Even though the Queen made cameos and a lot of public appearances, she was still a mystery to her people. She did this on purpose to give off an air of power and mystery. She didn’t do many public interviews during her life, and she kept a low profile in an age of oversharing and public emotion. This was true even as the lives of her own children and grandchildren started to look like a reality show, with tabloids in Britain regularly reporting on their scandalous relationships and actions.

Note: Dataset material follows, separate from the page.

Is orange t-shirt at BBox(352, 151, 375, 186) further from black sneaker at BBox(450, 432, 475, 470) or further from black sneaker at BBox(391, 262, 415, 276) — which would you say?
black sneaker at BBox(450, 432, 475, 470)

All of this made the few times she showed emotion even more powerful, but it also sometimes made her seem cold to the public. During her annual Christmas Day speech on TV in 1992, she said that the year had been “annus horribilis.” It had been a rough year. Three of her children had split up with their spouses: Prince Charles and Diana, Prince Andrew and Sarah Ferguson, and Princess Anne and Mark Phillips. Also, Windsor Castle had been badly damaged by a fire.
Five years later, when Diana died in a car accident in Paris, the monarchy hit an even lower point. During the outpouring of grief that followed, the Queen was called cold and heartless, and it took almost a decade for the royal family’s popularity to rise again. But it did bounce back, especially the Queen’s, as she continued to do her job as head of state and national symbol well into her tenth decade.
In a letter to the people of Britain in 2022, she said, “There is no manual for how to celebrate 70 years as your Queen.” “It’s a first, for sure. But the fact that so many people have taken to the streets to celebrate my Platinum Jubilee has humbled and moved me deeply “I may not have been there in person for every event, but my heart has been with you all, and my family and I are still committed to serving you as best we can.” Queen Elizabeth II’s four children, eight grandchildren, and 12 great-grandchildren, the youngest of whom was born in 2021, are her only living relatives.